Work task:
Leave out any pictures and transcribe all other data below exactly.
[Opening Source data section]
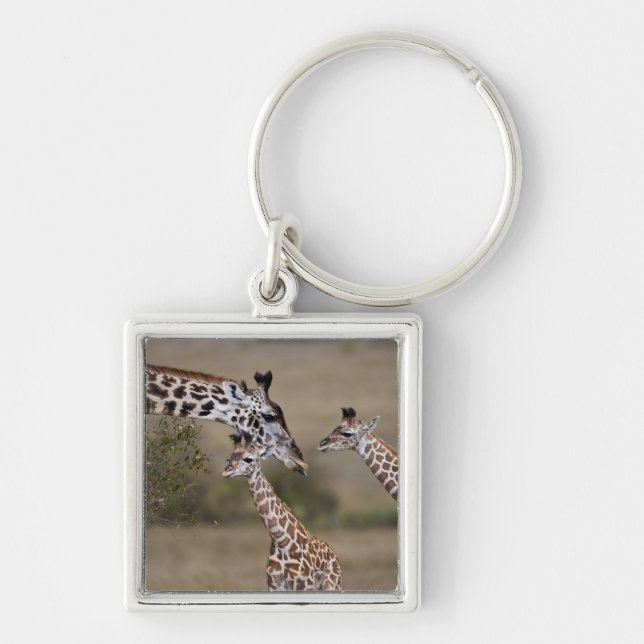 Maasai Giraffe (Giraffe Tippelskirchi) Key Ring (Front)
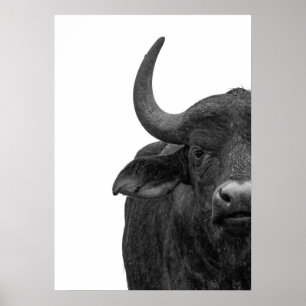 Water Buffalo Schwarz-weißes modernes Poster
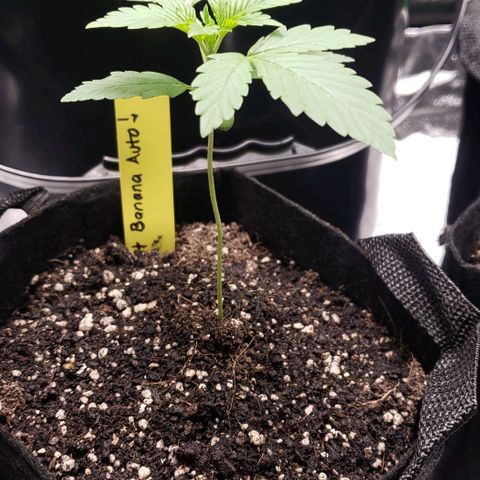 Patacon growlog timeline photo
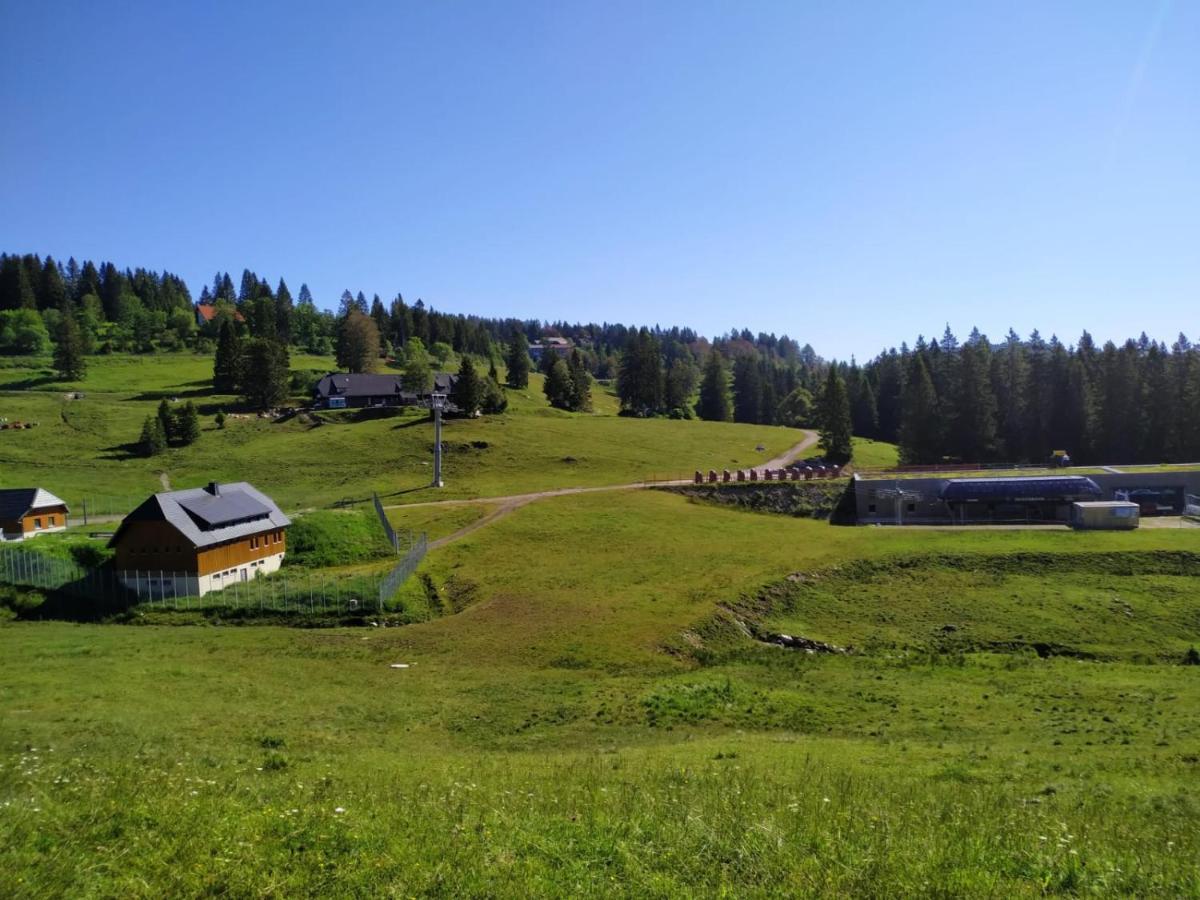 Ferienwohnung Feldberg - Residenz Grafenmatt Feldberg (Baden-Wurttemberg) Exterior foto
[Closing Source data section]
Reply to the task:
 Maasai Giraffe (Giraffe Tippelskirchi) Key Ring (Front)
 Water Buffalo Schwarz-weißes modernes Poster
 Patacon growlog timeline photo
 Ferienwohnung Feldberg - Residenz Grafenmatt Feldberg (Baden-Wurttemberg) Exterior foto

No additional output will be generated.